Making Friends With Billy Wong
And then there's Billy Wong, a Chinese-American boy who shows up to help in her grandmother's garden. Billy's great-aunt and uncle own the Lucky Foods grocery store, where days are long and some folks aren't friendly. For Azalea, whose family and experiences seem different from most everybody she knows, friendship has never been easy. Maybe this time, it will be.
Inspired by the true accounts of Chinese immigrants who lived in the American South during the civil rights era, these side by side stories--one in Azalea's prose, the other in Billy's poetic narrative--create a poignant novel and reminds us that friends can come to us in the most unexpected ways.
This was very well-researched, and Scattergood uses her own Southern perspective to good advantage.
Readers who liked this author's Glory Be or Levine's The Lions of Little Rock, or who need a gentle reminder that it is possible to be friends with people who are not exactly like ourselves will find Making Friends with Billy Wong to be a compelling and informative read.

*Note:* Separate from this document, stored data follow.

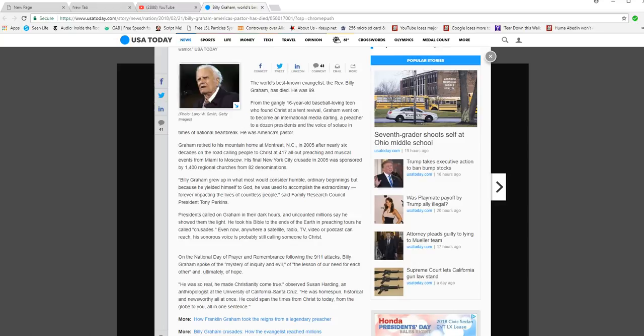Billy Graham grew up in what most would consider humble, ordinary beginnings, but because he yielded himself to God, he was used to accomplish the extraordinary, forever impacting lives of countless people, said Family Research Council President Tony Perkins.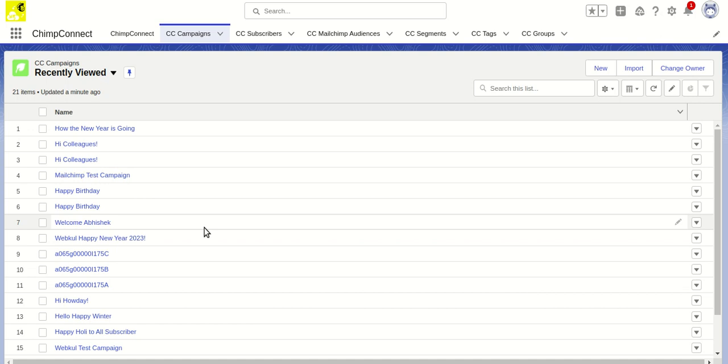Hello everyone, my name is Abhishek and I am a lead Salesforce consultant at Webkull Software Private Limited. In this video, I'm going to show how in Salesforce you can create a Mailchimp campaign and send it to Mailchimp.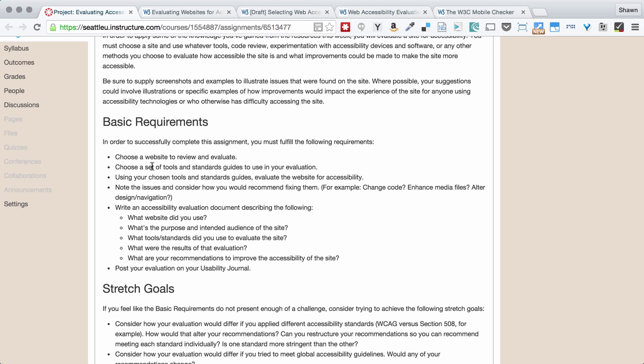The basic requirements here: we're going to choose a website. We're going to choose a set of tools and standards guides that we'll use in our evaluation. So you need to decide, are we talking Section 508 compliance? Do we want to talk about WCAG compliance? Or do we want to talk about the ARIA compliance for rich internet applications? Or do we want to talk about some combination of all three of these things?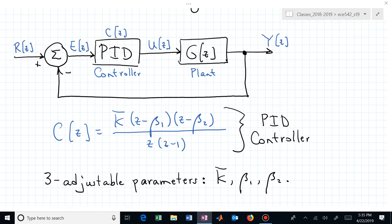For a PID controller we now have three adjustable parameters. We started with P — just gain — then stepped up to PI with zero location and gain. With a PID controller we have two zeros we can adjust, and we fix two poles: one at the origin and one at z equal to one. You have the freedom to pick beta_1 and beta_2 and adjust the gain K. Once you've picked those, you sketch the root locus and adjust along it using K-bar.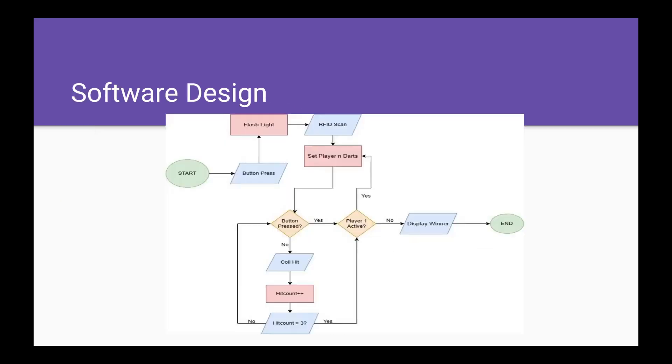The software controlling the game implements a couple of separate loops. At the beginning of the game, it waits for a button press and then flashes the light to indicate to the player that the game has begun. It then starts polling for an RFID scan, and depending on which set of darts was scanned, it will initialize that set as the active player.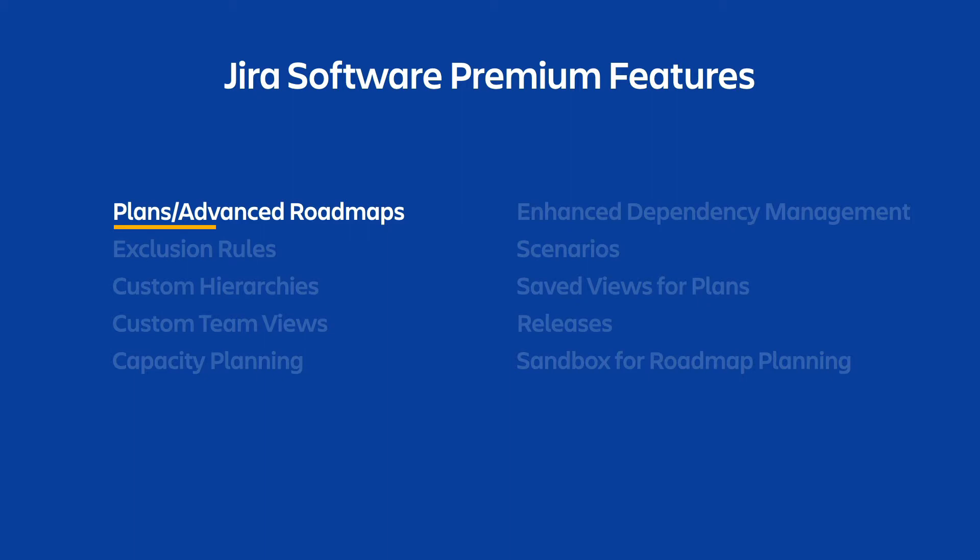You're likely already familiar with the roadmap view in your individual projects, which displays your work items in a single project in a clear way that lets you plan and track work in that project. Plans are a specific roadmap view that brings multiple projects together so you can see a broader view of your projects all in one place.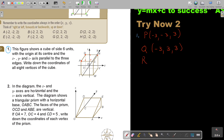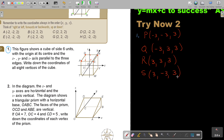For vertex R: positive three to the right. You go to the back — positive three. And you go up — positive three. Then the last one on top, vertex S: positive three to the right. You come to the front — negative three. And you go up — positive three. For vertex T: I'm standing there to the left — negative three. It's coming to me — negative three. And it's down — negative three.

In “Making Friends with Billy Wong” our main character, Azalea, has to spend the summer with a grandmother whom she does not know, nor is sure she likes very much. Worse yet, a Chinese boy shows up in the neighborhood, and when she is encouraged to make friends with him, visit his family’s grocery store, and (gasp!) talk with him, she’s not sure she can.
For starters, she isn’t very good at talking with people she doesn’t know and she doesn’t know how to talk with boys…and a Chinese boy?! How will she ever talk with him?

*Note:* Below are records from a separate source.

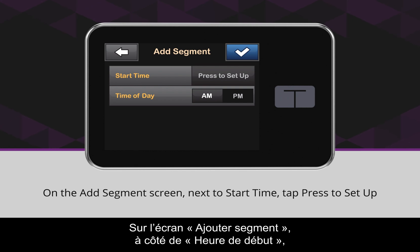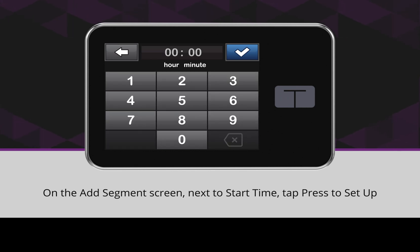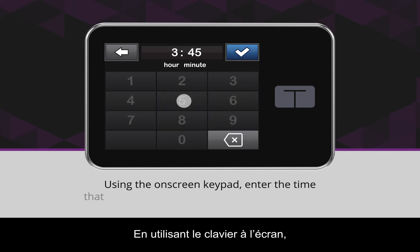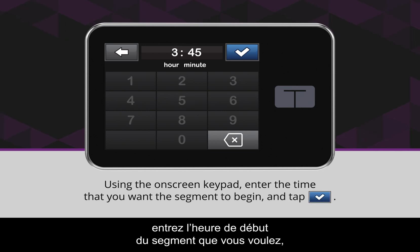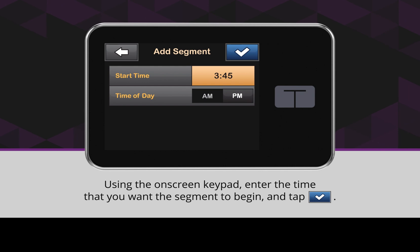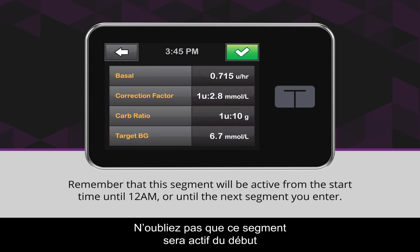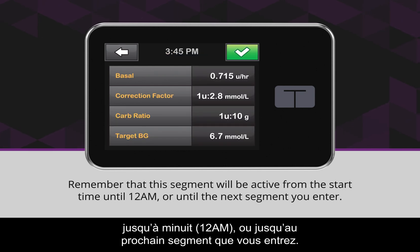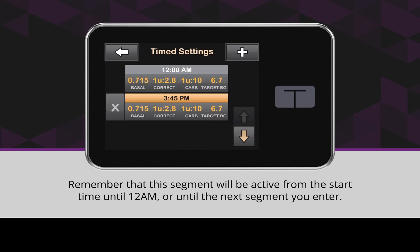On the Add Segment screen, next to Start Time, tap Press to Set Up. Using the on-screen keypad, enter the time that you want the segment to begin and tap the blue checkmark icon. Remember that this segment will be active from the start time until 12 AM or until the next segment you enter.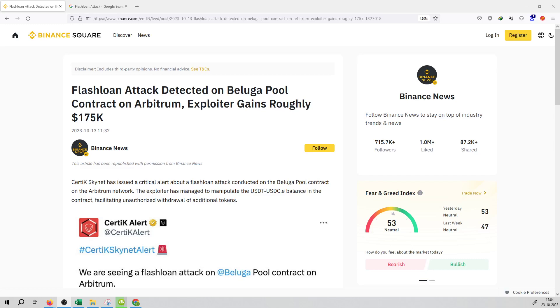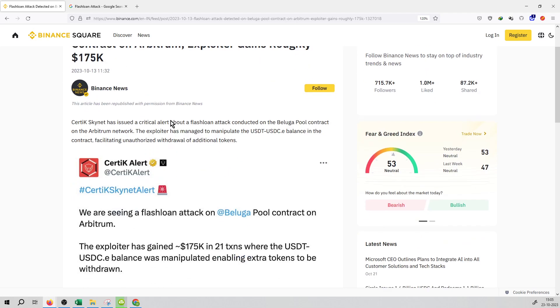Welcome to the series of crypto news, covering all the daily updates on Binance.com and Binance News. A flash loan attack was detected on Beluga Pool contract on Arbitrum chain. The exploiter gained roughly $175,000.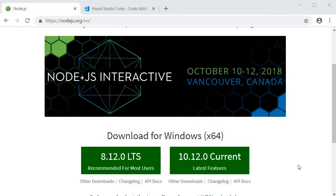For node, go to nodejs.org, download and install the latest stable release. If you already have it installed, make sure to update it.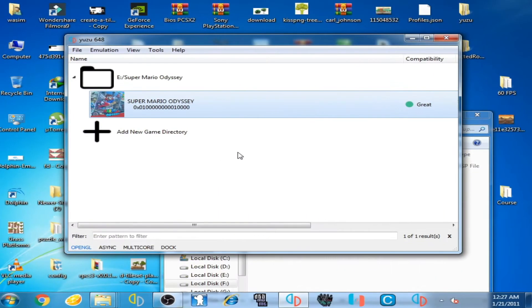Hello everyone, welcome back again. Today in this video I'm going to be showing you how to use the SuperLiveG Odyssey mod and how to fix the crashing problem of the SuperLiveG Odyssey mod on the Yuzu emulator. Let's get started.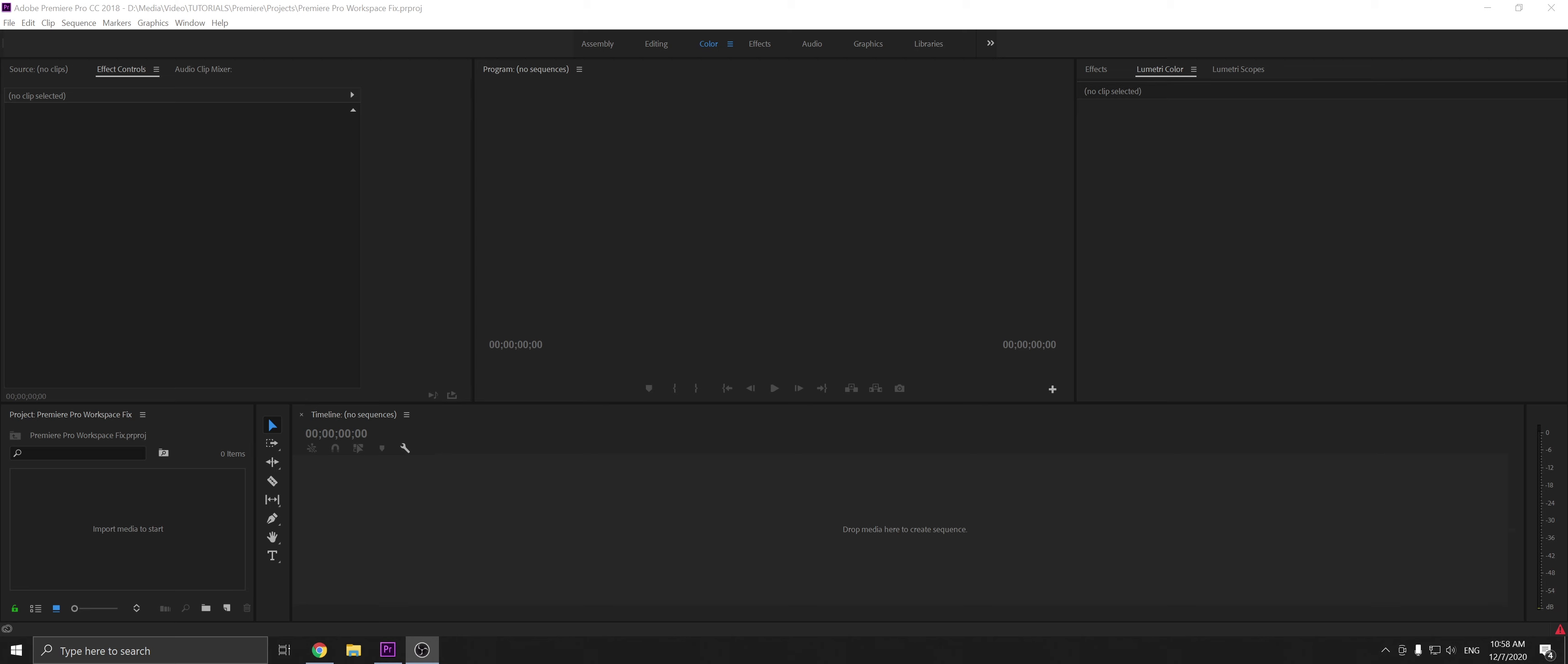Welcome back everyone to another episode of How to Create. My name is Nathaniel and today I'm going to be showing you how to fix your workspaces in Premiere Pro.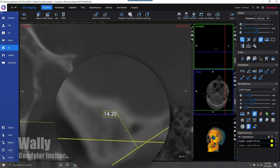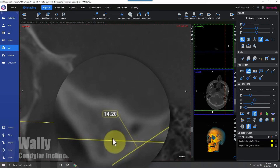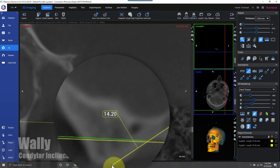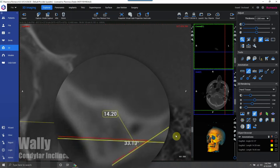So then you get this angle, and the condylar inclination is the angle that we just drew in relation to the Frankfurt horizontal plane. I'm going to go ahead and measure this angle in Romexis to get this patient's true condylar inclination, which is 33.1 degrees.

When the need arises, Azalea puts her fears and misconceptions aside and finds out that Billy Wong not only speaks perfect English, he has lived in America his whole life, AND he’s never ever been to China. Turns out, he’s pretty decent and does most of the talking for the two of them, which is just fine with her.
Billy Wong also joins Azalea on a mad adventure to a pecan grove that almost gets out of hand, shows her the history of his family in the South, and teaches her a thing or two about being a good friend.
Scattergood has this gift to write realistic dialogue that accompanies her thorough research, making the characters ring true.